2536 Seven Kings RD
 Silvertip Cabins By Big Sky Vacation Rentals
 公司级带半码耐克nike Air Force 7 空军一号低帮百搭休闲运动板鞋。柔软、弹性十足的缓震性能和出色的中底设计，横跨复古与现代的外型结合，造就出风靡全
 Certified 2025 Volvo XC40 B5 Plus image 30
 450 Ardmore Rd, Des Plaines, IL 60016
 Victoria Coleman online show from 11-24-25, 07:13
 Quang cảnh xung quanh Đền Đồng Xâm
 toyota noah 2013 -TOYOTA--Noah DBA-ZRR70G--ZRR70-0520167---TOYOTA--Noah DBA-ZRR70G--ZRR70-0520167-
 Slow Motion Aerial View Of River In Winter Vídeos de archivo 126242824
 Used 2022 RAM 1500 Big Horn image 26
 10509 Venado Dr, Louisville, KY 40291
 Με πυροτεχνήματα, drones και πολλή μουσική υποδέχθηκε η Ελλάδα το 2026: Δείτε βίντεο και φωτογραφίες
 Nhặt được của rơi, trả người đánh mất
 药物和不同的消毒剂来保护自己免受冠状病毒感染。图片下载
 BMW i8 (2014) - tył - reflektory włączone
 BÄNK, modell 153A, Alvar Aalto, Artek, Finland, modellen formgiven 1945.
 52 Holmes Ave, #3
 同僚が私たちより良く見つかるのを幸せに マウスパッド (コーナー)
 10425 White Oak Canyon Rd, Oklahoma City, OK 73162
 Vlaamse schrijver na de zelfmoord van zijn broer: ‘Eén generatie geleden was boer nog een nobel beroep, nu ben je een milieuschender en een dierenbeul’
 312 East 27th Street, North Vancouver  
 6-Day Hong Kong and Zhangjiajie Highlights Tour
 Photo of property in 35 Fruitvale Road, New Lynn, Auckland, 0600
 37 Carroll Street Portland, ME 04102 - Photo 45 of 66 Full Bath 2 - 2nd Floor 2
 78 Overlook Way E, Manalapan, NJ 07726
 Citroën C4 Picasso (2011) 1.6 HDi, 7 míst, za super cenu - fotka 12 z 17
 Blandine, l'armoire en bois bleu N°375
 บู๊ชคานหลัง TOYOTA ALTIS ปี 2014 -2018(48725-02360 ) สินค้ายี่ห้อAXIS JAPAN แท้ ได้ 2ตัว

-----

§ ACTION ITEM: Write out the lines of the listing from the one with "Nhặt được của rơi, trả người đánh mất" to the very end, inclusive, exactly as they appear and with nothing added.

§ ANSWER BELOW:
 Nhặt được của rơi, trả người đánh mất
 药物和不同的消毒剂来保护自己免受冠状病毒感染。图片下载
 BMW i8 (2014) - tył - reflektory włączone
 BÄNK, modell 153A, Alvar Aalto, Artek, Finland, modellen formgiven 1945.
 52 Holmes Ave, #3
 同僚が私たちより良く見つかるのを幸せに マウスパッド (コーナー)
 10425 White Oak Canyon Rd, Oklahoma City, OK 73162
 Vlaamse schrijver na de zelfmoord van zijn broer: ‘Eén generatie geleden was boer nog een nobel beroep, nu ben je een milieuschender en een dierenbeul’
 312 East 27th Street, North Vancouver  
 6-Day Hong Kong and Zhangjiajie Highlights Tour
 Photo of property in 35 Fruitvale Road, New Lynn, Auckland, 0600
 37 Carroll Street Portland, ME 04102 - Photo 45 of 66 Full Bath 2 - 2nd Floor 2
 78 Overlook Way E, Manalapan, NJ 07726
 Citroën C4 Picasso (2011) 1.6 HDi, 7 míst, za super cenu - fotka 12 z 17
 Blandine, l'armoire en bois bleu N°375
 บู๊ชคานหลัง TOYOTA ALTIS ปี 2014 -2018(48725-02360 ) สินค้ายี่ห้อAXIS JAPAN แท้ ได้ 2ตัว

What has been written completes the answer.